Work required
Give again, exactly as written, the lines of the records below from the line with "Steve Kaplan is" to the line with "In the tag section, you". Both end lines count; pictures do not.

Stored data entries
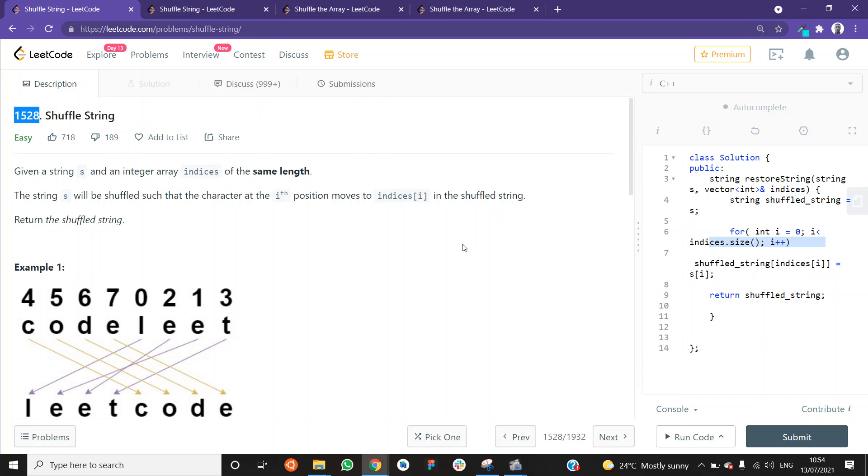What's up everybody and welcome to another video in the LitCode series. In this video, we're going to be shuffling a string.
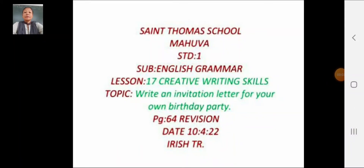Hello, good morning and welcome everyone. Dear students, today we will study English grammar lesson 17: creative writing skills. The topic is: write an invitation letter for your own birthday party. Today we will do revision of lesson 17.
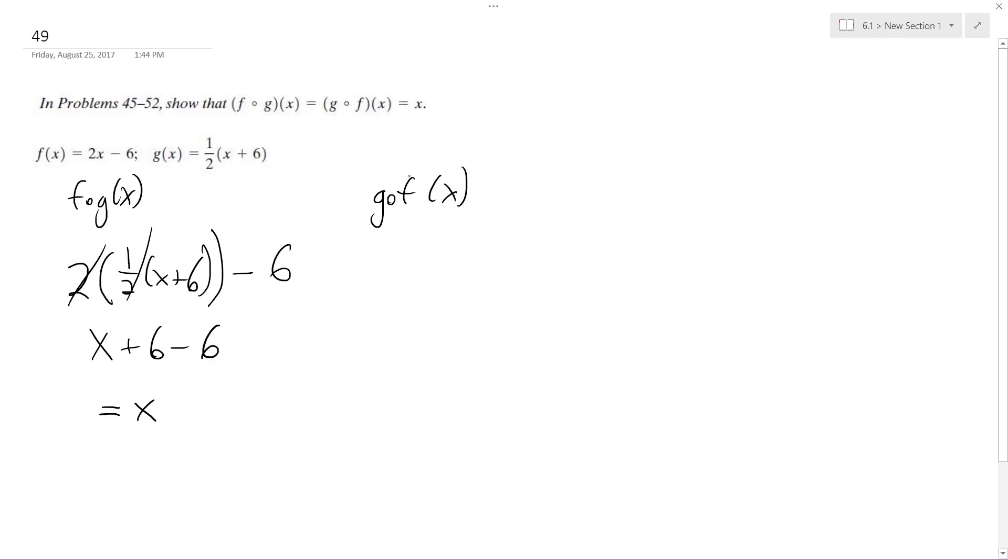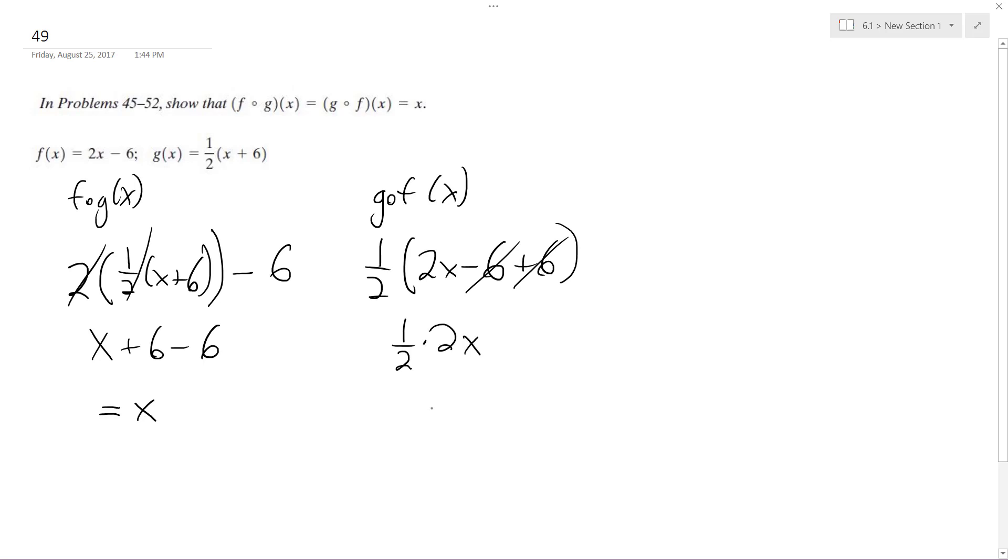So half of 2x minus 6 plus 6, the 6s cancel out, we are left with 1 half times 2x, and we get x out, and that's it.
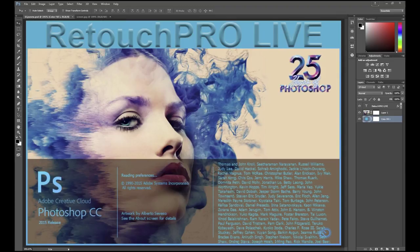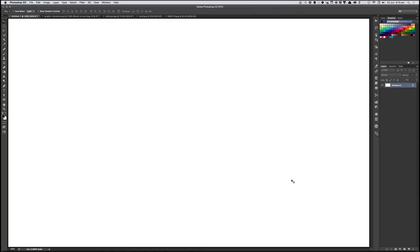Steve Kaplan is a photo illustrator based out of the UK. He's the author of the 'How to Cheat in Photoshop' books and 3D books — just go to Amazon and search for Steve Kaplan and buy all of his books. Give me a second here and I will switch over to Steve's screen. There we go. Hi Doug. How are you doing?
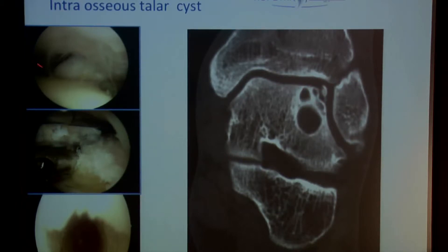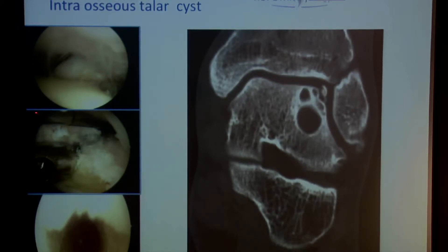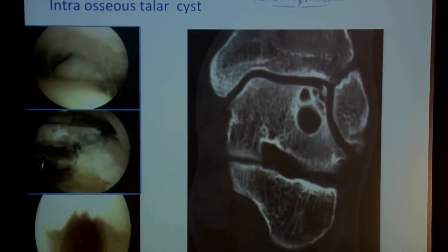Instead, arthroscopically with the posterior technique — not open — we open up the lesion, clean it, use our trocar to go into the defect, and in this perpendicular line we can go with our drill underneath the bone to enter into the talar cyst and fill it with bone to reestablish it. We try to be less invasive.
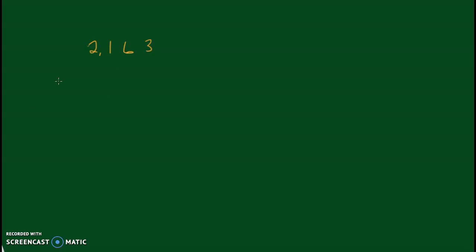So the first example is going to be... The 2 here is worth 2,000. To that we're going to add the hundreds place, so that's 100. To that we're going to add the tens place, 60, and to that we're going to add the ones place, 3.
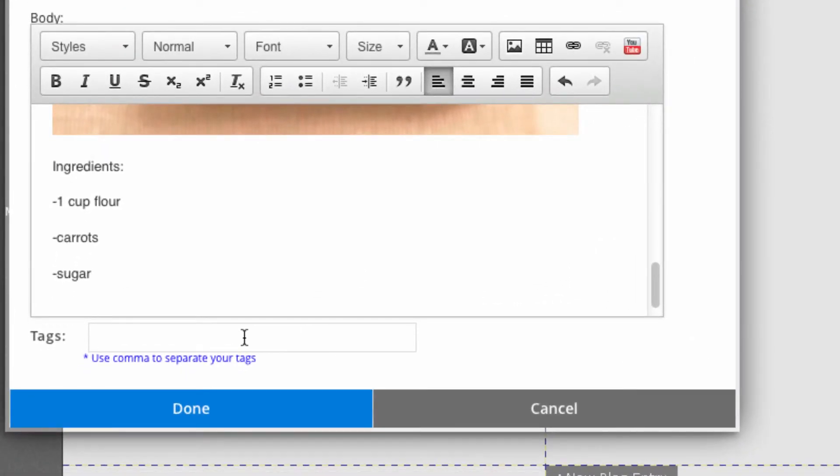In the tag section, you can input a word or phrase that relates to your post, and this will help to categorize them.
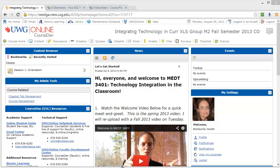Hi everybody and welcome to session 1. I am going to try to explain session 1 in 5 minutes or less, and then I'm going to explain how you get around some possible technical problems that I think some of you may encounter as you work through this module. The technical problems have to do with your ability or inability to see certain pages that I've loaded into session 1.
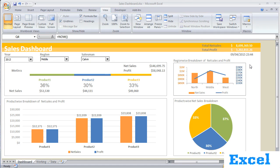Hello everyone. In this section of the tutorial, we will learn how to create a Dashboard in Excel. A dashboard is a graphical representation of numbers and charts in a single screen which helps us to take action. We try to add as much valuable information as possible in the form of graphs and numbers in a single screen to guide us in which direction to take action.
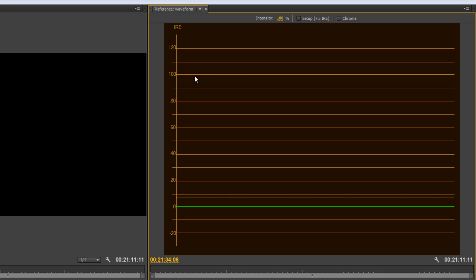Now, you might have some footage that actually will shoot up to this 110 mark, or maybe even higher. So, if you put that footage in, you'll see it come above the waveform, but you want to make sure you bring it down below that 100 in order to make sure you're not losing any detail on export.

Exercise response
Steve Kaplan is a photo illustrator based out of the UK. He's the author of the 'How to Cheat in Photoshop' books and 3D books — just go to Amazon and search for Steve Kaplan and buy all of his books. Give me a second here and I will switch over to Steve's screen. There we go. Hi Doug. How are you doing?
Instead, arthroscopically with the posterior technique — not open — we open up the lesion, clean it, use our trocar to go into the defect, and in this perpendicular line we can go with our drill underneath the bone to enter into the talar cyst and fill it with bone to reestablish it. We try to be less invasive.
So the first example is going to be... The 2 here is worth 2,000. To that we're going to add the hundreds place, so that's 100. To that we're going to add the tens place, 60, and to that we're going to add the ones place, 3.
In the tag section, you can input a word or phrase that relates to your post, and this will help to categorize them.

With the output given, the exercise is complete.